DATES: Effective on October 20, 2008.

FOR FURTHER INFORMATION, CONTACT: Stacy M. Howard, Division of Global 
Migration and Quarantine, Centers for Disease Control and Prevention, 
U.S. Department of Health and Human Services, 1600 Clifton Road, NE., 
E03, Atlanta, GA 30333; telephone 404-498-1600.

SUPPLEMENTARY INFORMATION: The Centers for Disease Control and 
Prevention (CDC), within the U.S. Department of Health and Human 
Services (HHS), published an Interim Final Rule in the Federal Register 
of October 6, 2008, FR Doc. E8-23485, (73 FR 58047) updating 
regulations that govern medical examinations that aliens must undergo 
before they may be

[[Page 62211]]

admitted to the United States. CDC inadvertently omitted an exception 
to the chest x-ray examination for aliens in the United States who 
apply for adjustment of status to permanent resident. CDC is publishing 
this correction to clarify that an alien of any age in the United 
States who applies for adjustment of status to permanent resident shall 
not be required to have a chest x-ray examination unless their 
tuberculin skin test, or an equivalent test that shows an immune 
response to Mycobacterium tuberculosis, is positive.
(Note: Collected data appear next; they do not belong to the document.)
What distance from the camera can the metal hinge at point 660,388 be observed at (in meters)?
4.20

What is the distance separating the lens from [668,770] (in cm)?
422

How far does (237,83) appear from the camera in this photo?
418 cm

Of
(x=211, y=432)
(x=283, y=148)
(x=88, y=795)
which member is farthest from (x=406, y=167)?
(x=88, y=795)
List of Subjects in 42 CFR Part 34

    Aliens, Health care, Scope of examination, Passports and visas, 
Public health.

0
Accordingly, 42 CFR part 34 is corrected by making the following 
correcting amendments:

PART 34--MEDICAL EXAMINATION OF ALIENS

0
1. The authority citation for part 34 continues to read as follows:

    Authority: 42 U.S.C. 252; 8 U.S.C. 1182 and 1222.


0
2. Amend Sec.  34.3 by revising paragraph (e)(2)(iv) to read as 
follows:


Sec.  34.3  Scope of examinations.

* * * * *
    (e) * * *
    (2) * * *
    (iv) Exceptions. Serologic testing for syphilis and HIV shall not 
be required if the alien is under the age of 15, unless there is a 
reason to suspect infection with syphilis or HIV. An alien, regardless 
of age, in the United States who applies for adjustment of status to 
lawful permanent resident shall not be required to have a chest x-ray 
examination unless their tuberculin skin test, or an equivalent test 
for showing an immune response to Mycobacterium tuberculosis antigens, 
is positive. HHS/CDC may authorize exceptions to the requirement for a 
tuberculin skin test, an equivalent test for showing an immune response 
to Mycobacterium tuberculosis antigens, or chest X-ray examination for 
good cause, upon application approved by the Director.
* * * * *

    Dated: October 14, 2008.
Ann C. Agnew,
Executive Secretary, Department of Health and Human Services.